■ WHAT TO PRODUCE
Although the records include pictures, the copy should not; write out exactly the lines from the first through the line with "PRESSOL 18051 Pistolet de grai".

+++

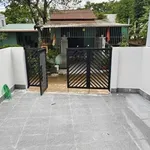 Bán nhà 2 tầng 100m² Vũ Ngọc Phan, Thủy Xuân, Huế - Ảnh thu nhỏ 2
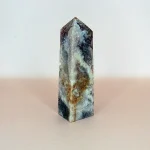 Türme - Pinker Amethyst – Bild 18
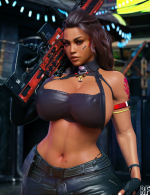 81c81529efb06bab9a17278f632c54f0.png
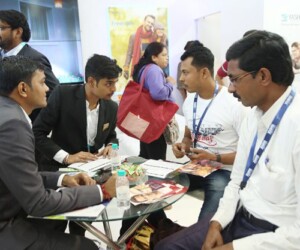 Optic India Navi Mumbai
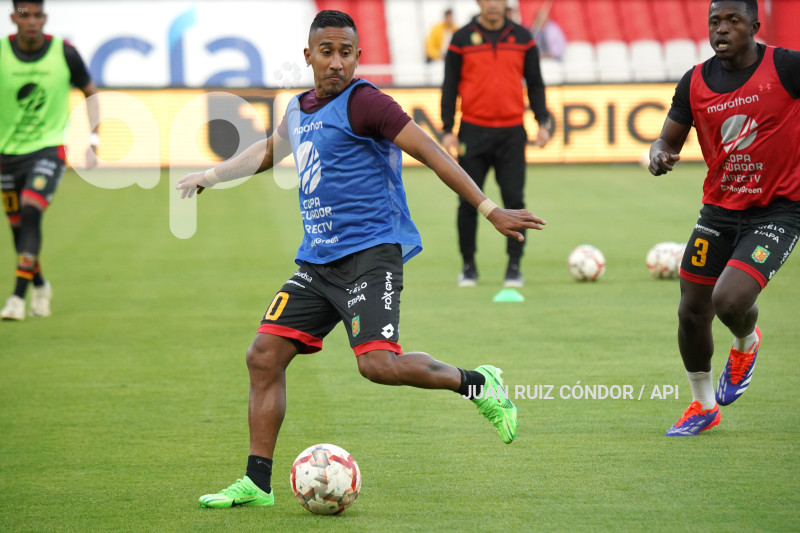FBL-COPAECUADOR-LIGA-CUENCA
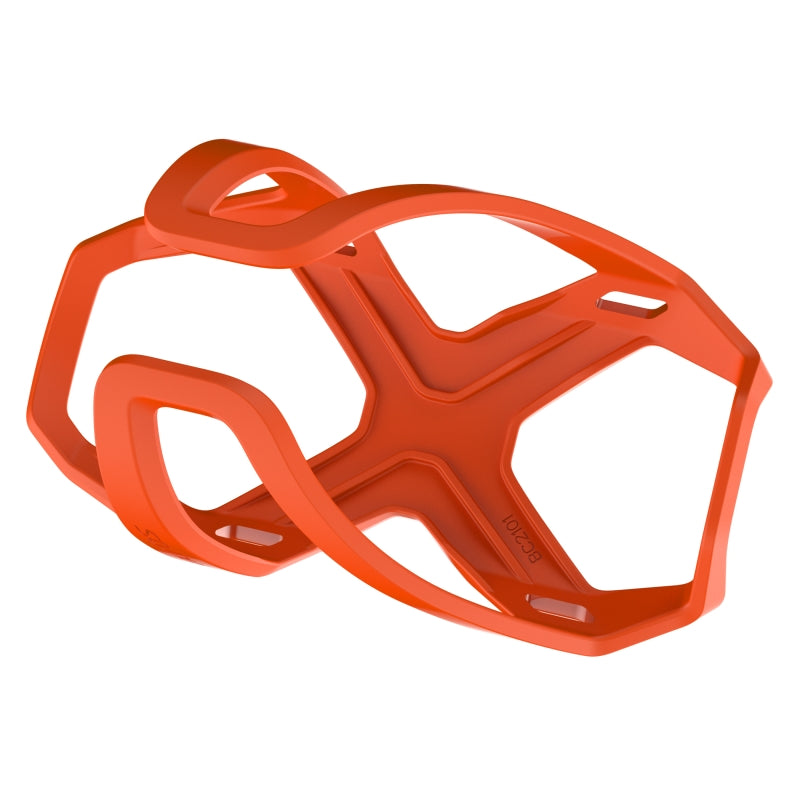 Syncros Tailor 3.0 Bottle Cage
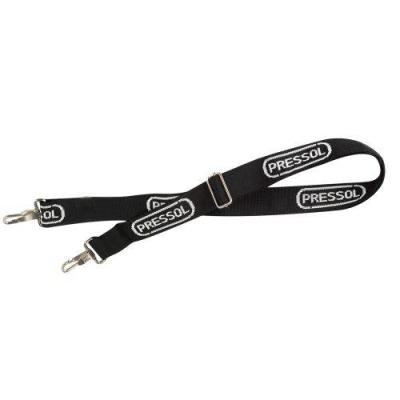  PRESSOL 18051 Pistolet de grai 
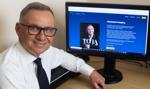 1,8 mln euro kary dla ZEN.COM. Fintechowi doradza Andrzej Duda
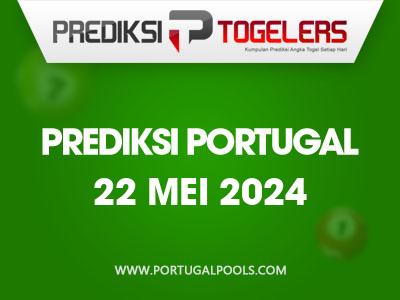 prediksi-togelers-portugal-22-mei-2024-hari-rabu
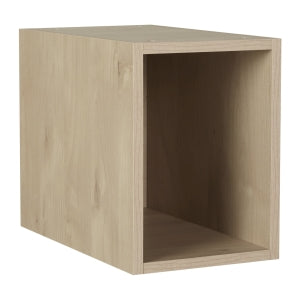 Quax COCOON Commode en niche Natural Oak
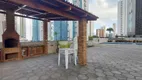Foto 7 de Apartamento com 3 Quartos à venda, 86m² em Centro, Recife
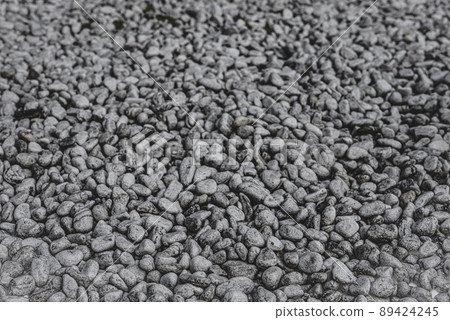 Gravel Gravel 89424245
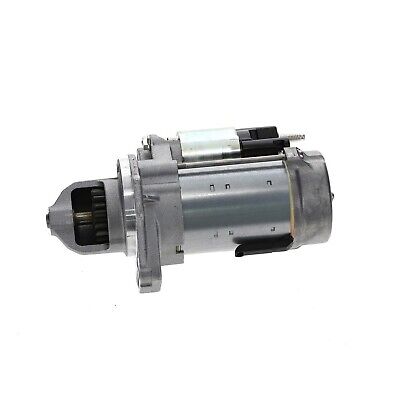 ACDelco 12667974 Starter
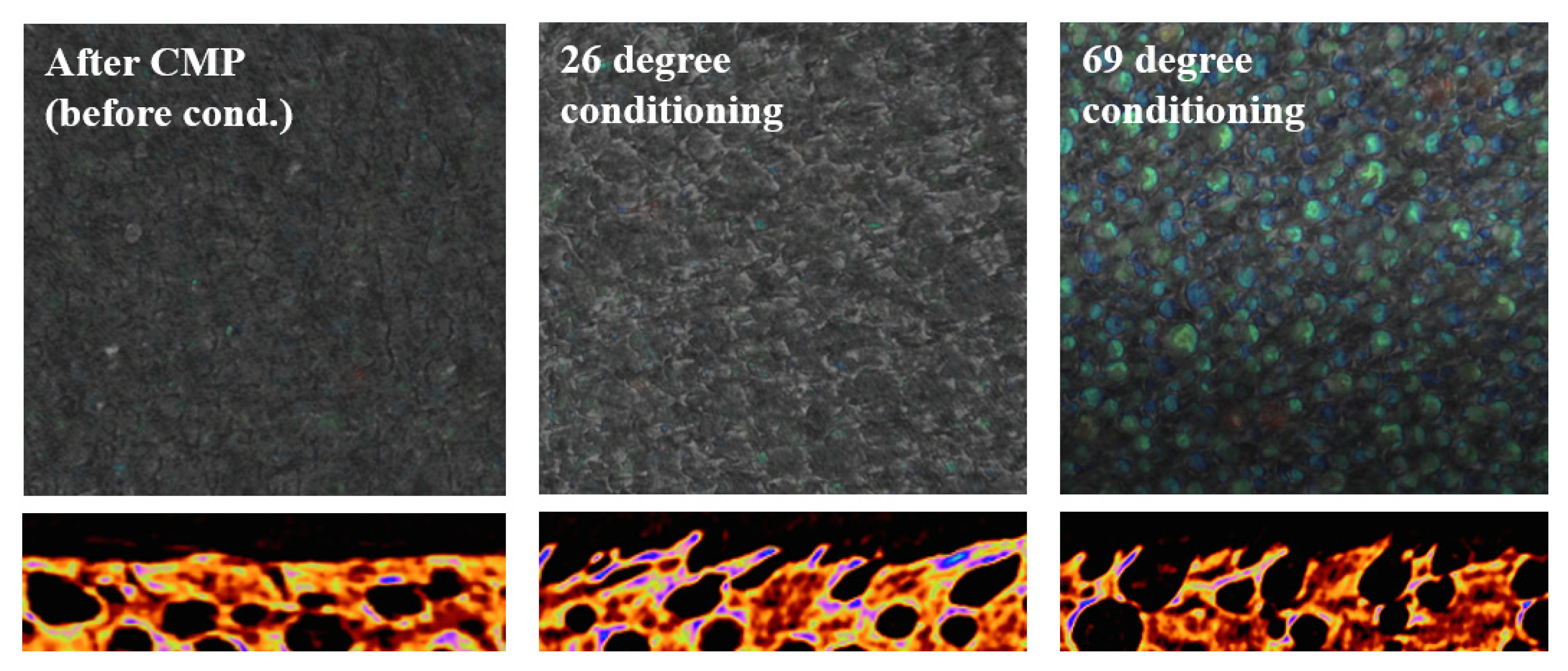 Applsci 11 01507 g012 550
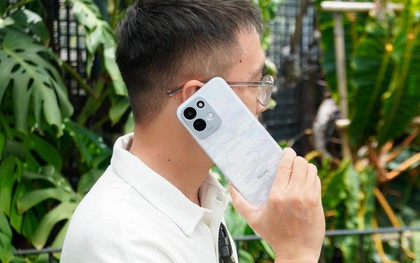 Nên mua Redmi 17 hay Redmi 17 5G để sử dụng?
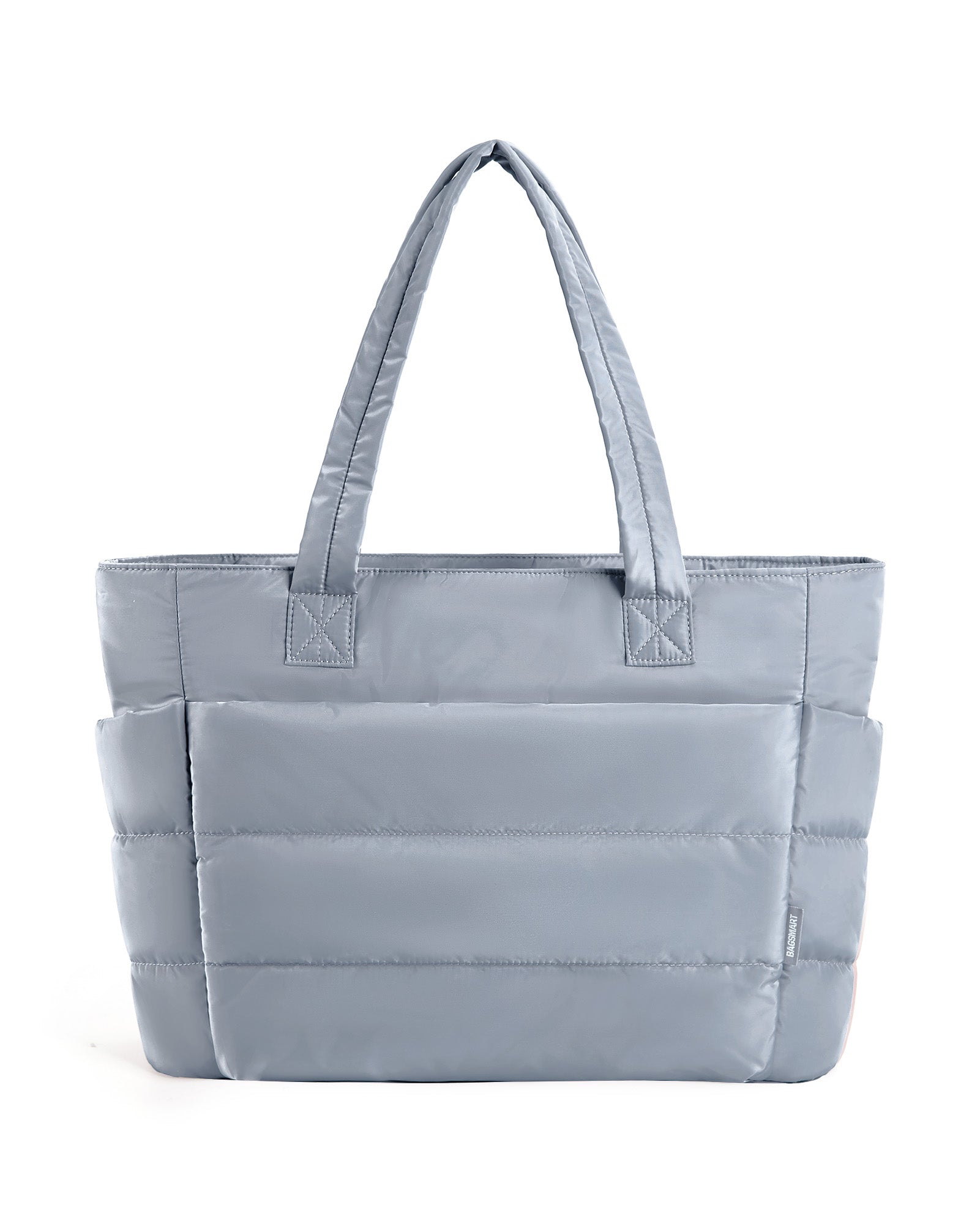 Variant image for FEMKE – Cloud Schoudertas Dames – Ruim en Trendy-7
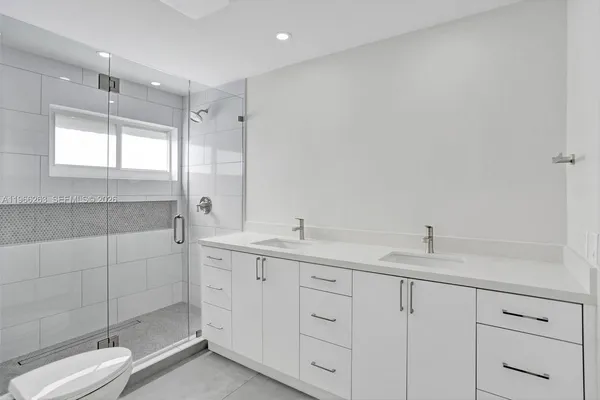 $5,600 | 12020 Southwest 93rd Street, Miami, FL 33186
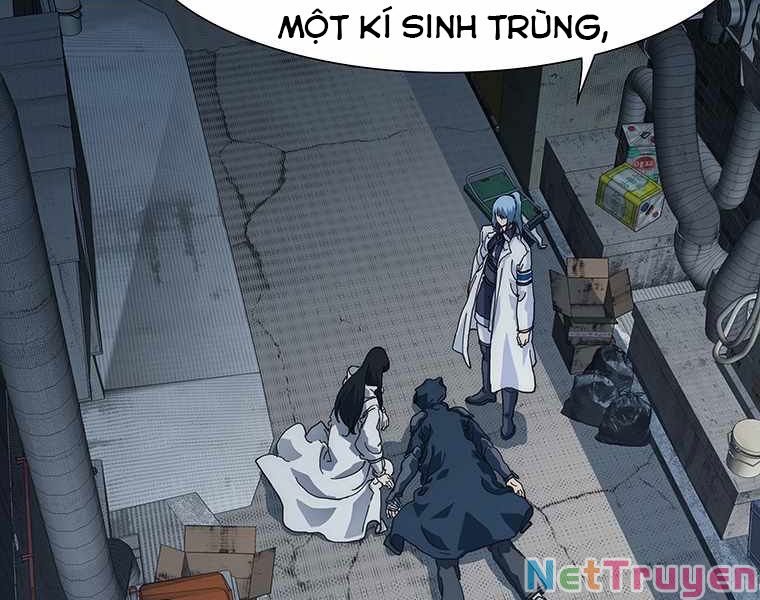 Các Chòm Sao Chỉ Chú Ý Mình Tôi Chapter 14 - Trang 10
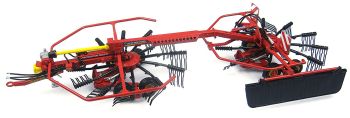 UH4871 - Andanatore NEW HOLLAND 3223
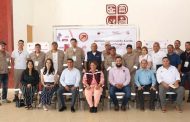 Trabaja Gobierno de Zacatecas en prevención del Dengue
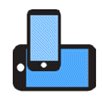 Responsive Web Design Tester
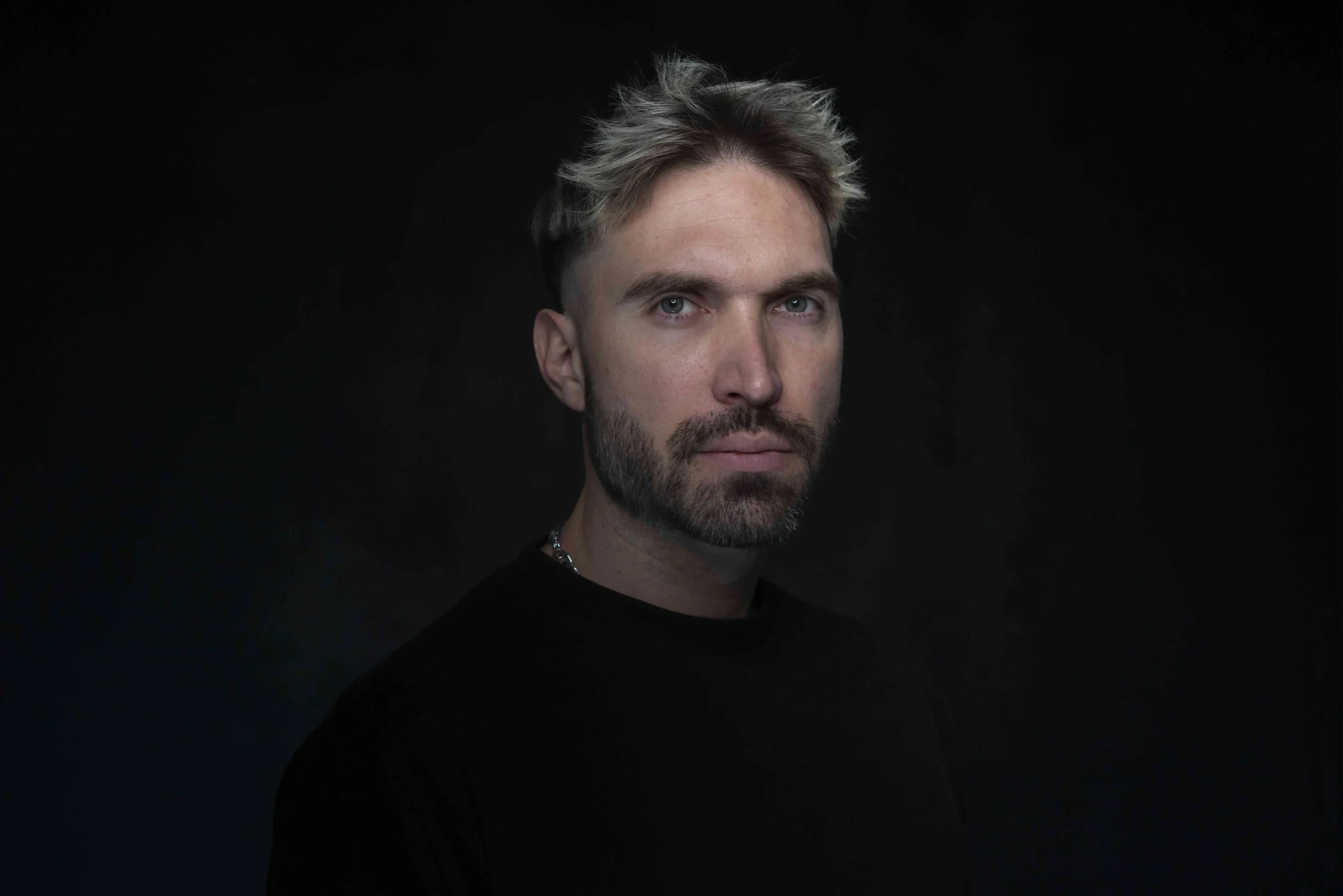 metodihristov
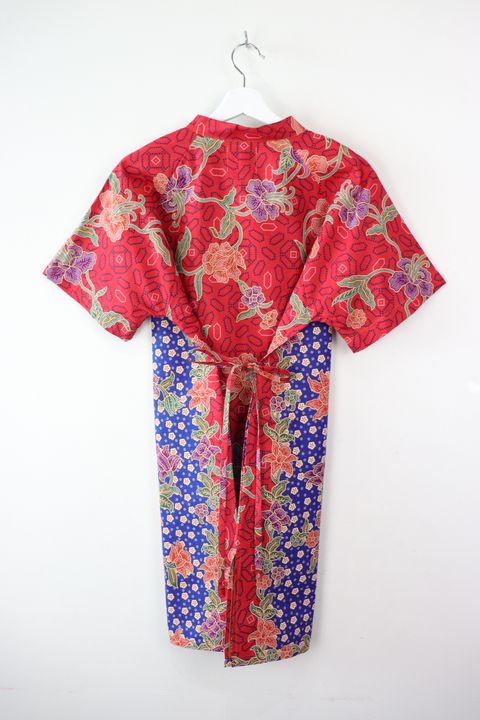 batik-qi-pao-cheongsam-short337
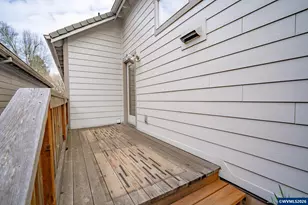 1920 Spicetree Ln SE, Salem, OR 97306 - Photo 22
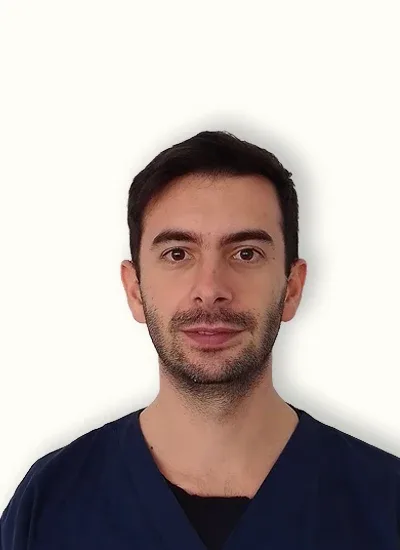 Dott. Andrea Carloni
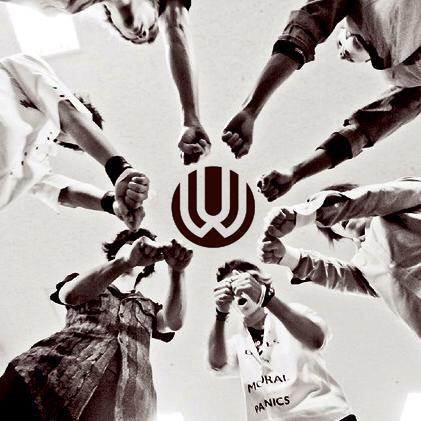 chami0117_uw's tweet photo. UVERworld15周年🔆
これからもずっとついてく40になっても50になっても！

#UVERworld15thAnniversary 
#15周年祝うcrewさんRT 
#6月6日 
#RTしたcrewさん全員フォロー http://t.co/4uoWGWPYUd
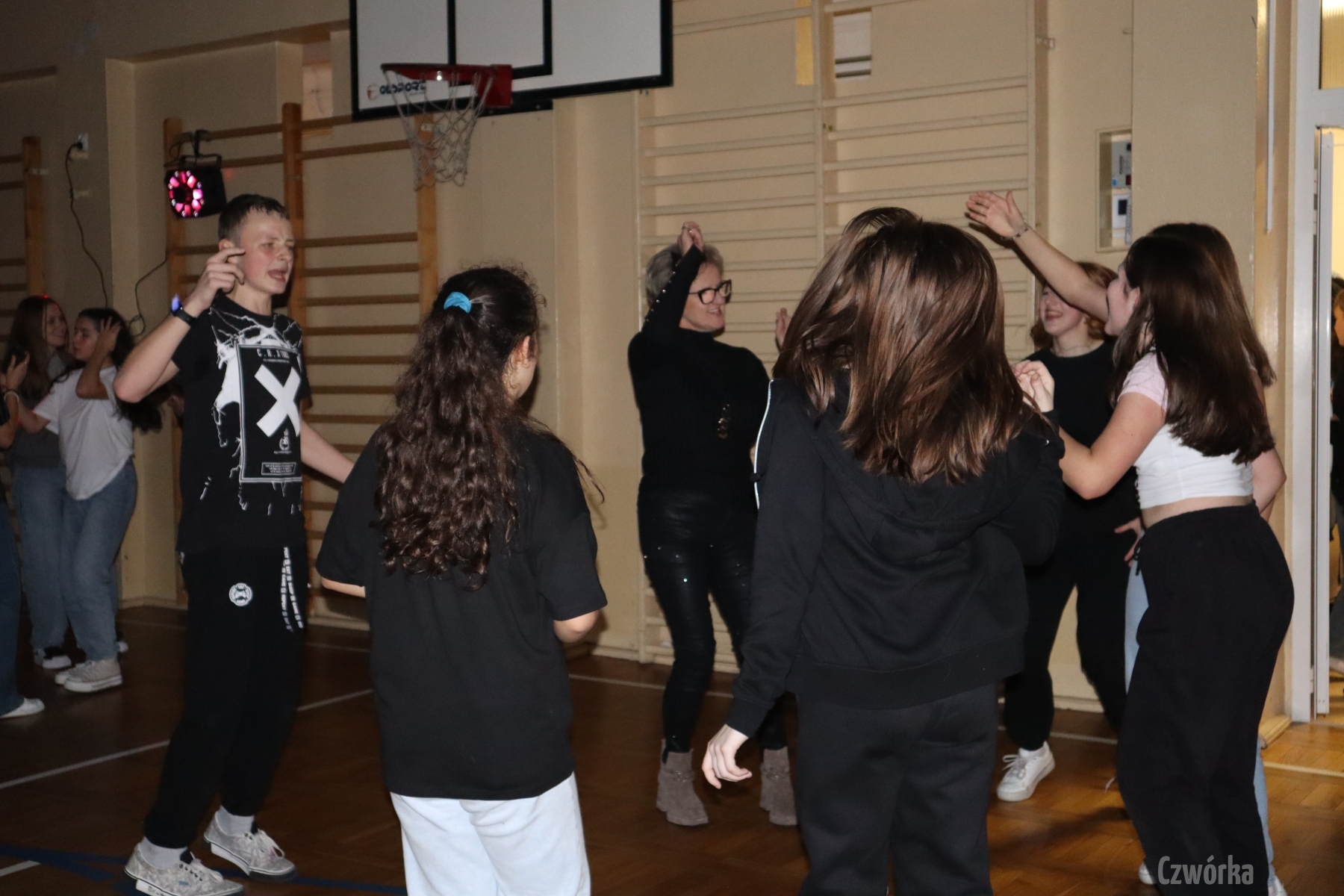 Andrzejki-71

+++

■ RESPONSE AREA
 Bán nhà 2 tầng 100m² Vũ Ngọc Phan, Thủy Xuân, Huế - Ảnh thu nhỏ 2
 Türme - Pinker Amethyst – Bild 18
 81c81529efb06bab9a17278f632c54f0.png
 Optic India Navi Mumbai
FBL-COPAECUADOR-LIGA-CUENCA
 Syncros Tailor 3.0 Bottle Cage
  PRESSOL 18051 Pistolet de grai 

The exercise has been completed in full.